Print, exactly as they stand, the lines from the start of the listing to the line containing "Апартаменты Ljuba - nice", inclusive.
++++
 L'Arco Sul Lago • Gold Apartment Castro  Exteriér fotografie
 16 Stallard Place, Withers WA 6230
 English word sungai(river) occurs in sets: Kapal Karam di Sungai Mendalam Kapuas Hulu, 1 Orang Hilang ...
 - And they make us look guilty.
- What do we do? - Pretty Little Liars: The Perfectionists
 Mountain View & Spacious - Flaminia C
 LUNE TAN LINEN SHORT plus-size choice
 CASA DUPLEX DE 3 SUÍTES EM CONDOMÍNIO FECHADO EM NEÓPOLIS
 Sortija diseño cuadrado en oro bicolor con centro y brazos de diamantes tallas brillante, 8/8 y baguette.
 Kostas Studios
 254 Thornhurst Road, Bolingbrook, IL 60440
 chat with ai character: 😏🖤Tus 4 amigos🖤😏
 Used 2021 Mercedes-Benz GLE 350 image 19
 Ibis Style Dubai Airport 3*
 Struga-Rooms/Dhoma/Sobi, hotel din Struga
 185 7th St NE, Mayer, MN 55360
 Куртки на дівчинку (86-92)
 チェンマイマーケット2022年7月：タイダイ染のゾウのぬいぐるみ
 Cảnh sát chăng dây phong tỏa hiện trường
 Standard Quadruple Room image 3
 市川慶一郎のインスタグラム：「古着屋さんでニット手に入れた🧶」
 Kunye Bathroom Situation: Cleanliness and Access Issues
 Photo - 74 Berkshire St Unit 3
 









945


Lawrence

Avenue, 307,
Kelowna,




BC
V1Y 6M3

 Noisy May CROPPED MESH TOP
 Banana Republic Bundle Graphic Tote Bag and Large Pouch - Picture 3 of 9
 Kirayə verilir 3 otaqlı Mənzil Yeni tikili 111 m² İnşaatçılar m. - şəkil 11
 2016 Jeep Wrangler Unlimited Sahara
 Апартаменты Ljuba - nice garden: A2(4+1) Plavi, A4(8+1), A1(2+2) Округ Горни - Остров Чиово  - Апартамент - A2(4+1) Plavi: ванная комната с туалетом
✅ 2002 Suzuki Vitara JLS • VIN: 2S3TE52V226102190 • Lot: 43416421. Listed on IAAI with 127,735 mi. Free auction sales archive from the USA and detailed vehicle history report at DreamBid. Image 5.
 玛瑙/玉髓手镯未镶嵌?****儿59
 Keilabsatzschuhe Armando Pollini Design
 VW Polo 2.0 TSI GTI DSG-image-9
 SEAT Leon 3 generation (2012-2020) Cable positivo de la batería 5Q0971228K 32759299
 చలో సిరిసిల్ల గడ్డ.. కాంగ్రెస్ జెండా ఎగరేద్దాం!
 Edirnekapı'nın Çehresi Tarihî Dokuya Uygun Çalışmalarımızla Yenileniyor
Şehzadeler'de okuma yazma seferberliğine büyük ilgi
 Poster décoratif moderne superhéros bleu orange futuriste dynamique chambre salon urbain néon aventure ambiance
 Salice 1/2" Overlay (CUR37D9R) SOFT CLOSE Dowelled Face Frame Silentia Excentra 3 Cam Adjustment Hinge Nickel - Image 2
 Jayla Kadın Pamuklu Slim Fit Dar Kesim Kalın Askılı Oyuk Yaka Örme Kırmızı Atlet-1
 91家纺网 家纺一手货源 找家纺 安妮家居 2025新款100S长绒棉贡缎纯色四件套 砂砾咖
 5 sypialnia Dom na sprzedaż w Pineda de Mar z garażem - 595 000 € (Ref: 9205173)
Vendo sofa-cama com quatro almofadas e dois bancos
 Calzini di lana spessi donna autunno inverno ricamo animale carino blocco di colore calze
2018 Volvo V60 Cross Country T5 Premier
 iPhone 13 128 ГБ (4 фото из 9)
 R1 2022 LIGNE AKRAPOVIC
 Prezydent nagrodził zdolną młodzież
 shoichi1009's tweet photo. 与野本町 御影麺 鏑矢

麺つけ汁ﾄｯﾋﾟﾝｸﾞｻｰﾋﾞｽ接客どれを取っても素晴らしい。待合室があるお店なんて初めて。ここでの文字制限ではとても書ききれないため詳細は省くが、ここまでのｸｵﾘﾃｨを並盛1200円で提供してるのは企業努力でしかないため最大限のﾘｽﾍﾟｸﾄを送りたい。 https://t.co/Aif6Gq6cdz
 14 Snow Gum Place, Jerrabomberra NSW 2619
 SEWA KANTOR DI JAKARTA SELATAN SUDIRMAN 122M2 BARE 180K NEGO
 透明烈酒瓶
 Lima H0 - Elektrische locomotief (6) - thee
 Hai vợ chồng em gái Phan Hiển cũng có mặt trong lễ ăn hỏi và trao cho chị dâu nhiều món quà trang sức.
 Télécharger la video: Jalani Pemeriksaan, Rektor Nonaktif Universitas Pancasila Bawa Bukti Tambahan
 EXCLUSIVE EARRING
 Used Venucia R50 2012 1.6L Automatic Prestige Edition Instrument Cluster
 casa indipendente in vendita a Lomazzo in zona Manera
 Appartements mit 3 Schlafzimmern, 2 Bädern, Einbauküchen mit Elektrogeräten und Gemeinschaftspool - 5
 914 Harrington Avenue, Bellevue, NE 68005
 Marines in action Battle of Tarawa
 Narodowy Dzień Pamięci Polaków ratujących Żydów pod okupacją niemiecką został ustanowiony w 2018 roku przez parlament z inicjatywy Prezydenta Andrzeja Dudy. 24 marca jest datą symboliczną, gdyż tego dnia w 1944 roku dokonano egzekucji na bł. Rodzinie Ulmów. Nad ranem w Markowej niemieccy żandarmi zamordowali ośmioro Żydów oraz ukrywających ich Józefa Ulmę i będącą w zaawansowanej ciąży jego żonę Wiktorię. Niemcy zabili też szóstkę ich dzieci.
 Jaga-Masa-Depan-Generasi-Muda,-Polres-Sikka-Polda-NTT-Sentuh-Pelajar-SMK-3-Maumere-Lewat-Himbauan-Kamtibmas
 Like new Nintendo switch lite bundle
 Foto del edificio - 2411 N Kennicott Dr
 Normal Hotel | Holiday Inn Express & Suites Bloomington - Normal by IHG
++++
ANSWER TO THE EXERCISE =
 L'Arco Sul Lago • Gold Apartment Castro  Exteriér fotografie
 16 Stallard Place, Withers WA 6230
 English word sungai(river) occurs in sets: Kapal Karam di Sungai Mendalam Kapuas Hulu, 1 Orang Hilang ...
 - And they make us look guilty.
- What do we do? - Pretty Little Liars: The Perfectionists
 Mountain View & Spacious - Flaminia C
 LUNE TAN LINEN SHORT plus-size choice
 CASA DUPLEX DE 3 SUÍTES EM CONDOMÍNIO FECHADO EM NEÓPOLIS
 Sortija diseño cuadrado en oro bicolor con centro y brazos de diamantes tallas brillante, 8/8 y baguette.
 Kostas Studios
 254 Thornhurst Road, Bolingbrook, IL 60440
 chat with ai character: 😏🖤Tus 4 amigos🖤😏
 Used 2021 Mercedes-Benz GLE 350 image 19
 Ibis Style Dubai Airport 3*
 Struga-Rooms/Dhoma/Sobi, hotel din Struga
 185 7th St NE, Mayer, MN 55360
 Куртки на дівчинку (86-92)
 チェンマイマーケット2022年7月：タイダイ染のゾウのぬいぐるみ
 Cảnh sát chăng dây phong tỏa hiện trường
 Standard Quadruple Room image 3
 市川慶一郎のインスタグラム：「古着屋さんでニット手に入れた🧶」
 Kunye Bathroom Situation: Cleanliness and Access Issues
 Photo - 74 Berkshire St Unit 3
 









945


Lawrence

Avenue, 307,
Kelowna,




BC
V1Y 6M3

 Noisy May CROPPED MESH TOP
 Banana Republic Bundle Graphic Tote Bag and Large Pouch - Picture 3 of 9
 Kirayə verilir 3 otaqlı Mənzil Yeni tikili 111 m² İnşaatçılar m. - şəkil 11
 2016 Jeep Wrangler Unlimited Sahara
 Апартаменты Ljuba - nice garden: A2(4+1) Plavi, A4(8+1), A1(2+2) Округ Горни - Остров Чиово  - Апартамент - A2(4+1) Plavi: ванная комната с туалетом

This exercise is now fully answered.